I had written for the Italian film monthly Best Movie about Emerald Fennell’s two previous efforts as writer-director: Promising Young Woman with Carey Mulligan in May 2021 and Saltburn in December 2023.
Click here to read English translation of Emerald Fennell on Saltburn.
I enjoyed this young British woman’s take-no-prisoners approach to filmmaking, so I was looking forward to her movie version of Wuthering Heights from the 1847 novel by Emily Brontë, and I was not disappointed.
Margot Robbie, who produced Fennell’s first two movies and this one, plays Cathy. Jacob Elordi, who starred in Saltburn, is Heathcliff. Alison Oliver, who played Venetia, Felix sister in Saltburn, is Isabella. Hong Chau is Nelly. Owen Cooper of Adolescence is young Heathcliff.

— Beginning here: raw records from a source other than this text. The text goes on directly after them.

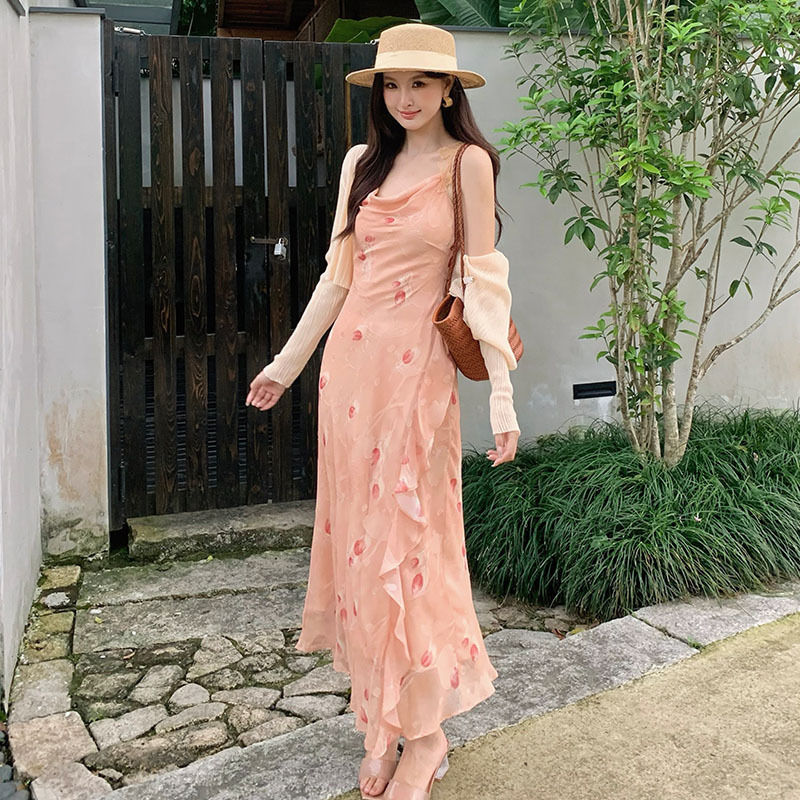 Xiu Xixi 2026 Summer White Label Elegant High-Waisted Ruffle Dress Printed Pure Desire Vacation Dress for Women 88622 Xiu Xixi 2026 Summer White Label Elegant High-Waisted Ruffle Dress Printed Pure Desire Vacation Dress for Women 88622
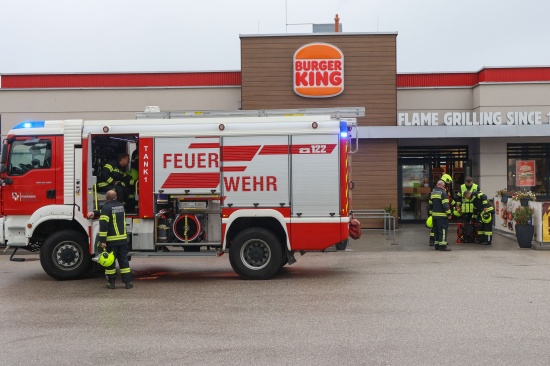 Einsatzkr�fte bei Brand in einem Schnellrestaurant in Eberstalzell im Einsatz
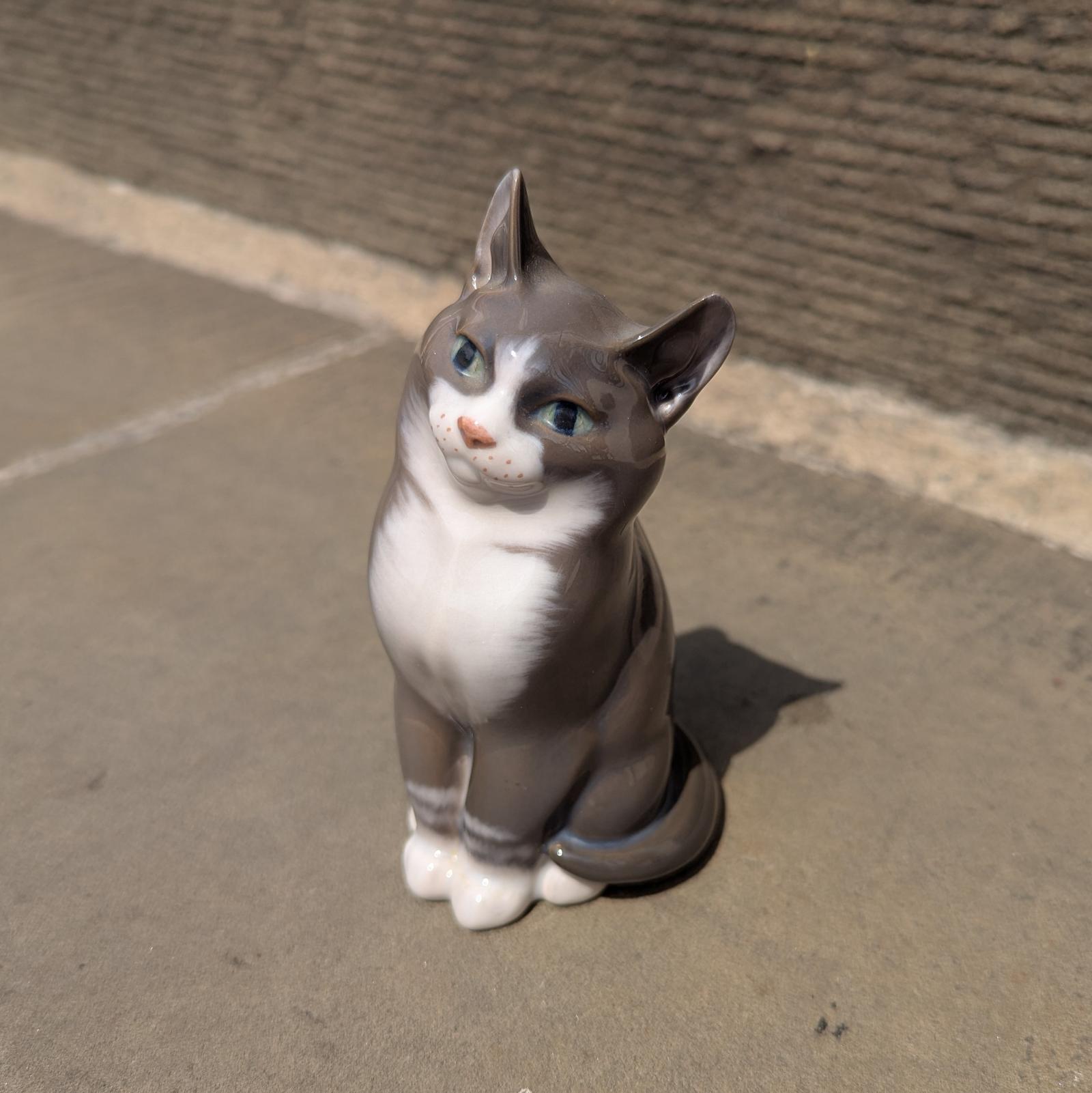 Vintage Royal Copenhagen Grey & White Seated Cat (1 of 7)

I had seen them before, but I rewatched on streaming the 1939 Wuthering Heights directed by William Wyler (shot in Black and White by cinematographer Gregg Toland) starring Laurence Olivier and Merle Oberon, with David Niven as Edgar and Geraldine Fitzgerald as Isabelle, his sister.
And the 1992 version Emily Brontë’s Wuthering Heights by Peter Kosminsky with Ralph Fiennes and Juliette Binoche. I wondered who the young woman in a cloak narrating the story was and realized it was Emily Brontë played by Sinead O’Connor. While in the novel the narrator is Nelly, played here by Janet McTeer.

I saw recently so did not rewatch Emily (2022), where Emma Mackey, star of Ella McCay (2025) by James L. Brooks, plays the novelist and poet, the middle Brontë sister.
I did not read the novel, that is in one of my many bookshelves, but I put it on my nightstand with the pile of books to read.
I also have Jane Eyre, the 1847 novel by Charlotte Brontë, the older sister, and the DVD of the 2011 movie Jane Eyre by Cary Joji Fukunaga with Mia Wasikowska and Michael Fassbender.
I researched the life and works of these three sisters, including youngest sister Anne Brontë, who wrote two novels: Agnes Grey and The Tenant of Wildfell Hall.
Charlotte wrote three more: Shirley, Villette. a reworking of her first novel The Professor.
Some years ago I had seen Devotion (1946) with Olivia De Havilland as Charlotte Brontë and Ida Lupino as Emily, but don’t quite remember it. I might rewatch it.
The Brontë family was unusual for the 1800s in that the five daughters, and not just the one son Bronwell, were sent to boarding school or educated at home.
Their novels are hiding a feminist subtext, as explored in the 1979 book The Madwoman in the Attic: The Woman Writer and the Nineteenth-Century Literary Imagination, about the works of Victorian writers: Charlotte and Emily Brontë, Jane Austen, Mary Shelley, George Eliot, Elizabeth Barrett Browning, Christina Rossetti and Emily Dickinson.
You may watch the trailer if you don’t mind spoilers, however I suggest you experience this new Wuthering Heights version, bursting with colors, extravagant costumes and sets, not to mention passionate sex scenes (not included in the novel or previous versions), in the darkness of a movie theatre by immersing yourself inside a huge screen in the company of others.